I don't know what the first non-C practical OS will look like, but I hope I live to see it. I can't believe in 2011 my OS is still getting buffer overflows and memory mismanagement and all of the foibles that despite everyone loudly declaring is all the programmer's fault and not the langoage's fault, still seems to follow the language around like dog poo stuck on its shoe.

As long as memory management is not performed by the hardware, a C-like language will be needed to write operating systems. What I think is possible is to write more of the operating system in a higher level language, with only a small part of it in C. Or, even better, have a smaller operating system with everything else written in user space. This is the original idea of the UNIX designers, of course, so nothing really new here.
I remember an attempt to write operating system in Python primarily, it was called "unununium", apparently the project died, but the site is still up http://unununium.org, though it now talks about ASM, not Python.

A quick google finds this post mentioning a release http://objectmix.com/python/179041-unununium-os-0-1-rc2-rele...

"implemented features include a fully functional Python interpreter, floppy, ATA, and ext2 drivers written entirely in Python."

Would love to find source code for that actually.

Doesn't that go against all we have learned in CS? Early optimization being the root of all evil. And don't optimize what you think will be slow, but what you have measured to be slow?
Not really. There are two sorts of optimizations:

1. Structural - designing the top-level system to perform its work with minimal activity.

2. Local - Calling conventions, component-local algorithms, etc.

Now this is fuzzy for the same reason that one man's strategy is another man's tactics. But the gist is simple: you don't tighten the bolts on the system until you have it in the right shape.

Local optimizations are easy to do b/c you can usually pull them out of a textbook, or figure it out by looking at one or to parts of code. Structural optimizations require an understanding of the system performance as a whole -- possibly allowing some suboptimal local behavior. Sadly the way I've mostly seen is super-tightening the bolts and having the system slowly distort from something suboptimal but flexible into a contorted, performs-ok-but-dont-touch-it terrible beast. That's the sort of optimization that's the root of all evil.

Example: I have a webserver, with a table of regexs mapping to handlers. The handlers can be static assets in files or dynamically generated in code.

Local optimization: I notice that after URL pattern match, my static assets are read through normal stdio file I/O. I use sendfile or whatever's the new hotness on my platform to make it fast.

Structural optimization: I notice that the majority of my hits are static for a small number of files. I write a new webserver (say static.foo.com) for them specifically, that looks up the URL in a hash table for an in-memory copy of the file. I just ping it with SIGHUP when I want to invalidate the hashtable's values.

If we had learned something, we'd have learned the FULL quote, wouldn't we?

"We should forget about small efficiencies, say about 97% of the time: premature optimization is the root of all evil"

Note, "small" and "97%".

That means that you should make the right large-scale decisions before you code. Or measure.

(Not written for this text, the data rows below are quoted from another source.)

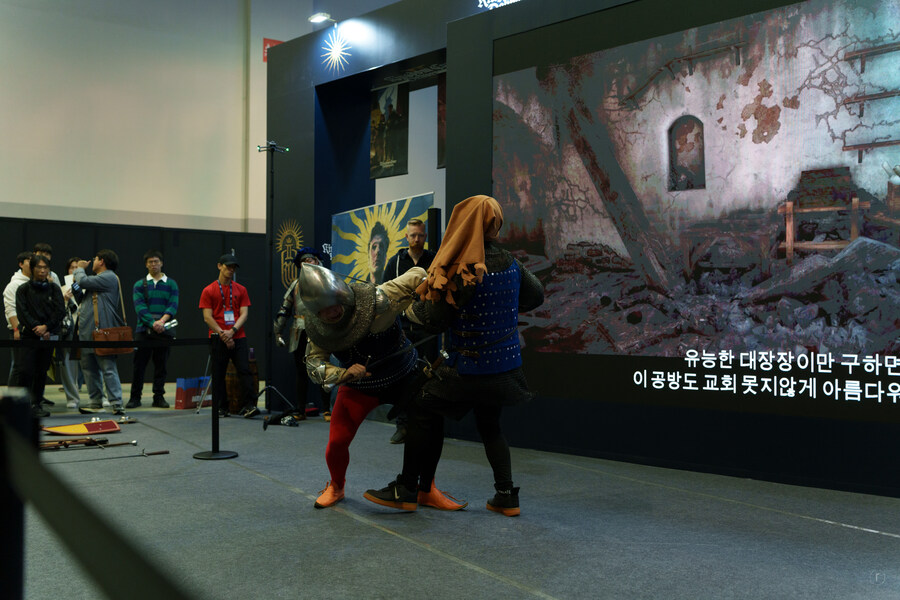 지스타)(스압) 킹덤컴2 arma korea 중세 무술 시연_35.jpg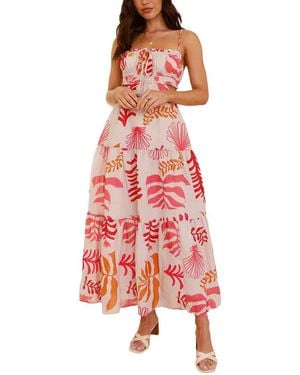 ENJOY PETRA Midi Dress - Red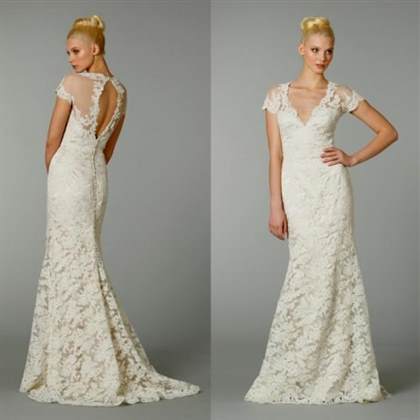 vintage lace wedding dresses with open back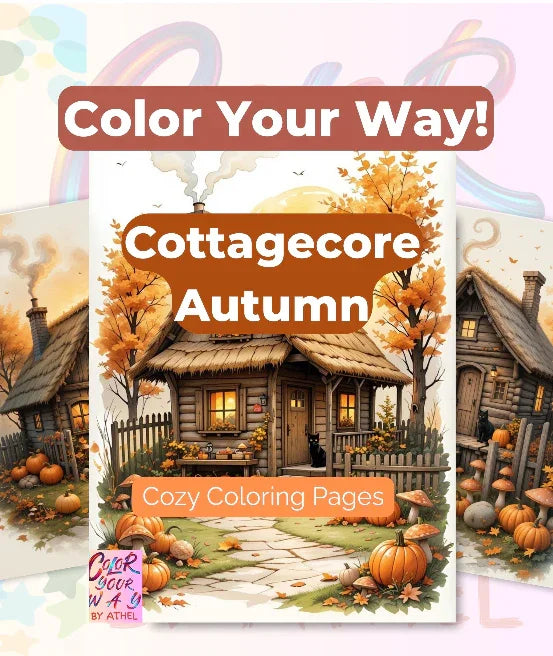 Cottagecore Autumn Coloring Books Bundle - CraftNest - Digital Crafting and Art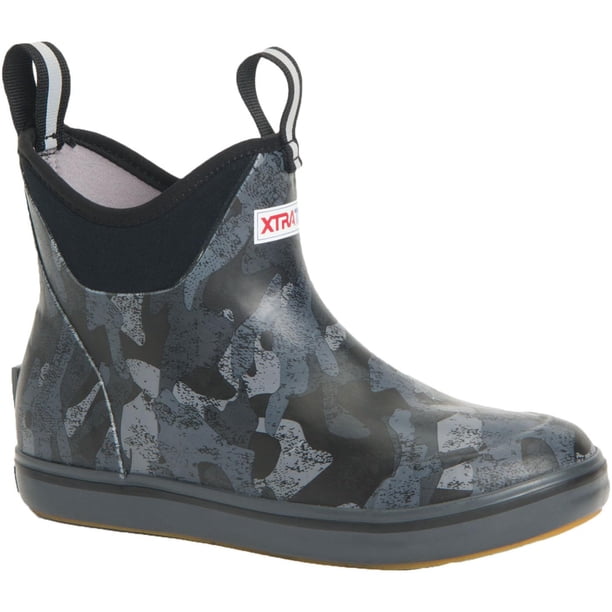 Botas Ankle Deck Xtratuf para mujer, color negro, camuflaje, impermeables, 10 unidades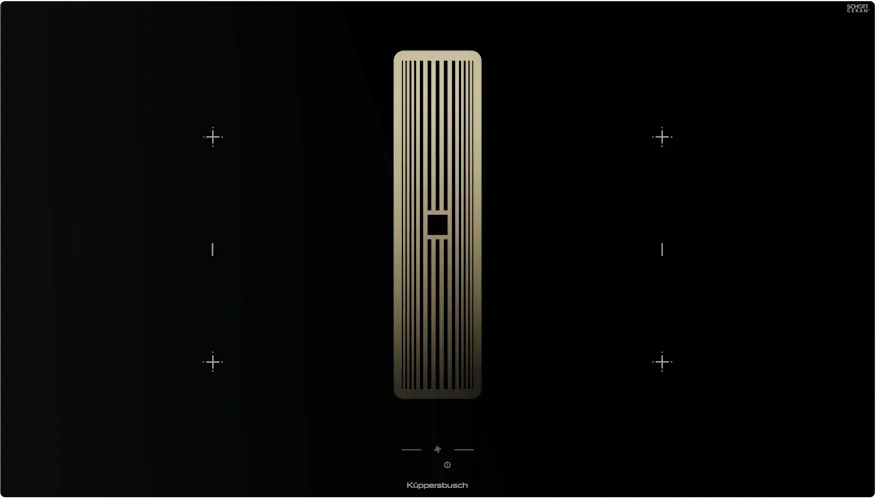 Индукционная варочная поверхность с вытяжкой Kuppersbusch KMI 9850.1 SR-S Gold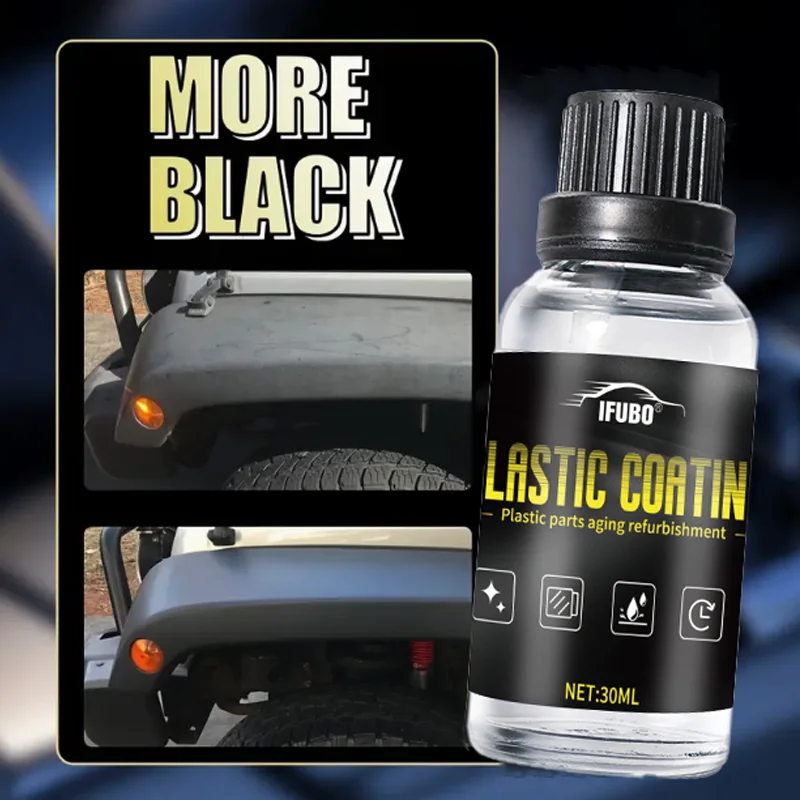 [Fast Arrival] Crystal Clear Car Plastic Restoration Kit - Enhance Black Gloss, Interior Dust Protection & Maintenance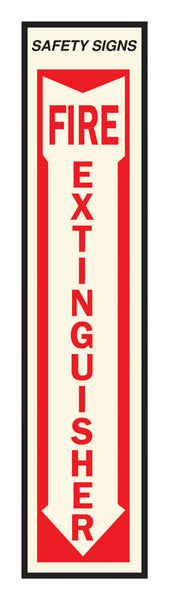 Hy-Ko English Fire Extinguisher Sign Vinyl 19 in. H x 4 in. W (Pack of 10)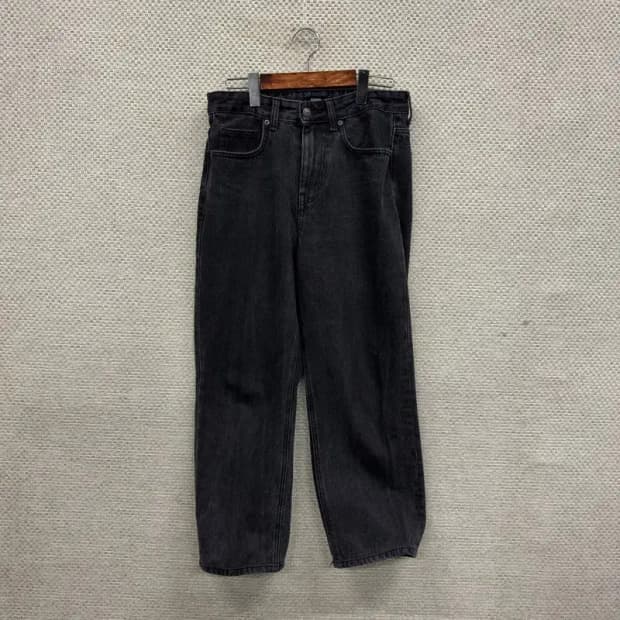 무신사스탠다드 블랙진 와이드팬츠 흑청바지 28인치 A01598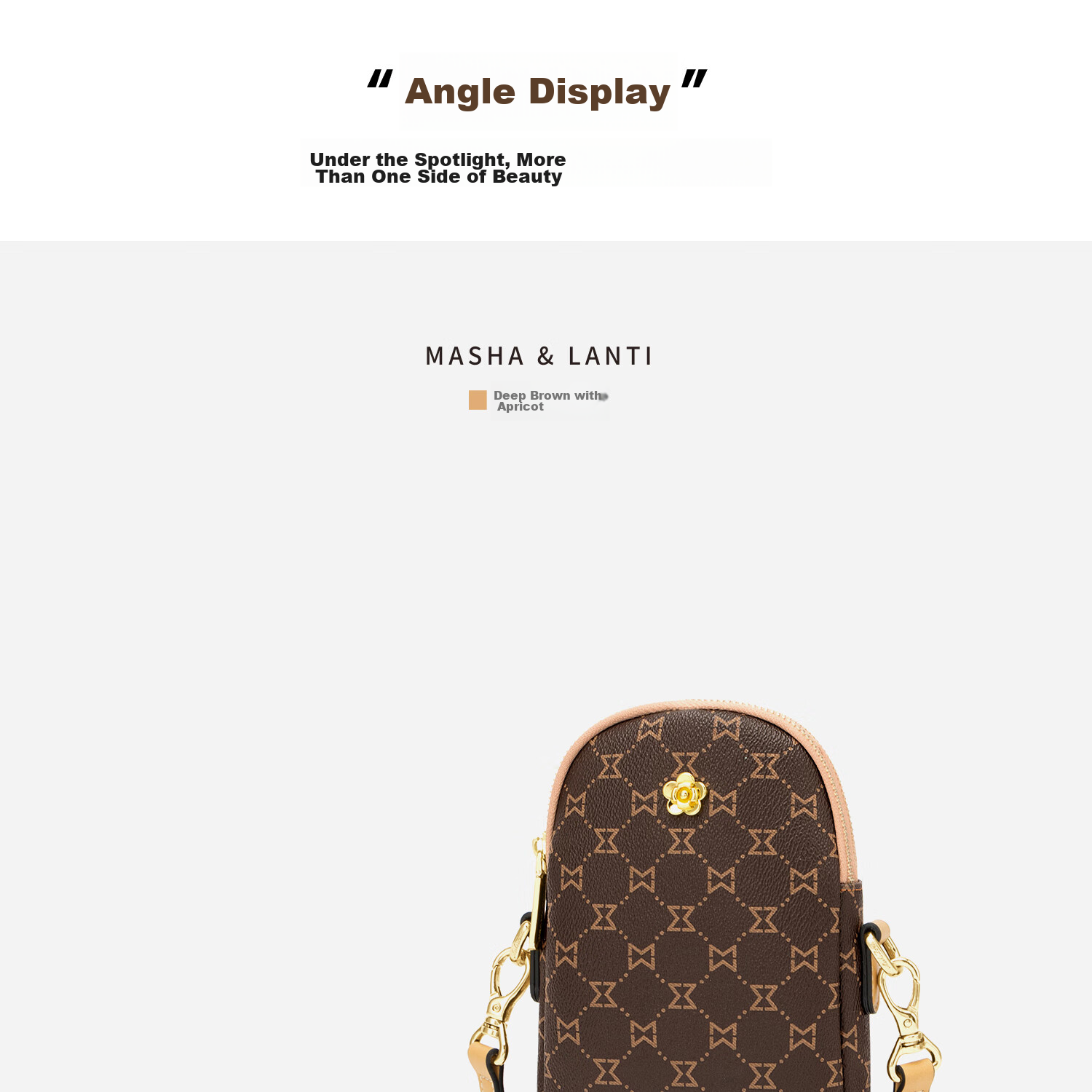 MashaLanti Women's Handbag, Luxury Phone Bag, Mini High-End Shoulder Crossbody Bag for Ladies, Mother's Day Gift on May 20th 33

Yes. Another way to put this is that there's a difference between "designing to be sufficiently performant" and "optimization".
It also means "don't be boneheaded about local performance". That's the other 3%. I wish it didn't need to be said, but there are quite a few projects I've seen where people blatantly ruined performance, all the while quoting Knuth.
With most modern languages having the easy capability of writing an extension in C, this is poor advice. You can 100% quickly mock up whatever in ruby, python etc, and when you need to, write a module in C that is plug and play. I have done this several times for calculating metrics on geodata. I wrote a ruby class to do the work, used it in production until we got a good enough amount of users (load), then rewrote it in C. My main code wasn't even touched since I had already abstracted the calculations into their own class. All this requires is you think ahead and pull out any heavy-lifting code into its own class, and you can just swap that out down the road.